Let me just pause here to say how much I love paper. It is so versatile, comes in all kinds of sizes, colors and textures, and is CHEAP! It is hands down my favorite craft product.
So this is the trio of collages I created to hang in Ave's house (assuming it ever gets completed...):
I actually plan to hang these horizontally, so use your imagination. I agonized over how to compose these three little prints, but I'm really happy with how they turned out. Here's the how to:
Start with square canvases in whatever size works for your application. Mine are 11" x 11" and actually were already painted with tuscan designs. I just primed them before painting them pink. The darker pink is right out of the bottle; the lighter one is that shade mixed with white. Unlike most paints, these dried lighter, so keep that in mind. I taped off all of my lines to keep the edges clean, but you could freehand the background if you wanted.
For the collages I used a combination of hand cut shapes (the vase, grassy hill, tulip), Cricut cut designs (daisies) and shapes traced from printouts (letter "a", butterfly). Most of the papers are scrapbooking papers, but the pink stripe used on the tulip is actually an enclosure card picked up on the dollar aisle at Michael's. The lesson? Unlearn an item's intended use and allow things that will work for a project to work! All of the pieces have dimensional embellishments such as silk flowers, ribbons, rhinestones (on the butterfly), bubble stickers (on the center of the pink daisy at top), brads, etc. The daisy at top and the butterfly bend away from the canvas, adding more dimension.
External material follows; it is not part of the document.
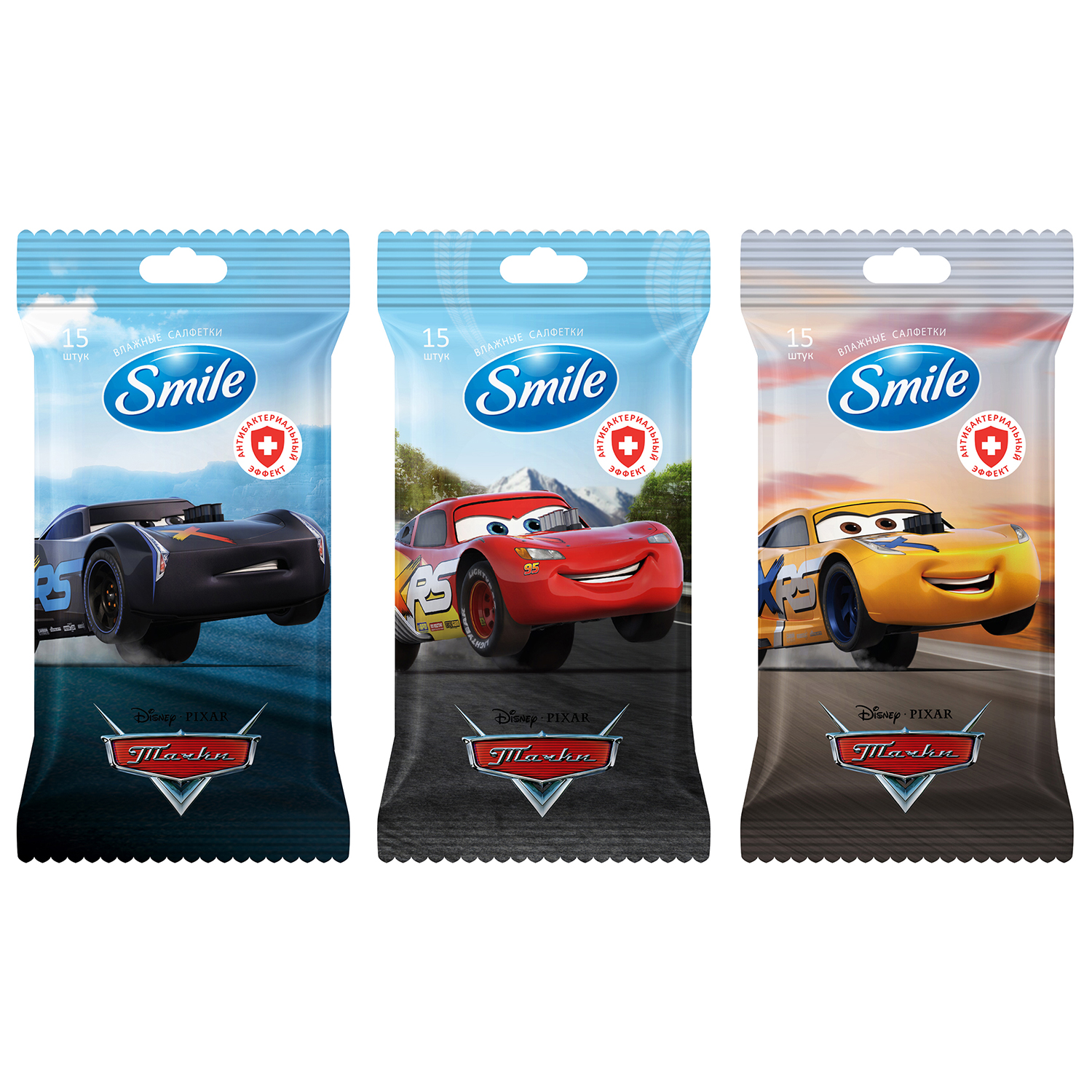 Салфетки Smile Cars антибактериальные 15шт в ассортименте - фото 1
I'm so excited with how these turned out and can't wait to see them against the green walls of the playhouse!
If you don't believe that anyone can make these, TRY! The only painting involved is the background (and you can forego the tricky patterns like the harlequin) and the flower stems. And actually, those could be paper, too. Had I had more flower designs in the Cricut cartridges I own, I probably wouldn't have hand cut anything at all.
No more excuses for not being able to find coordinating artwork for your naked walls--collage!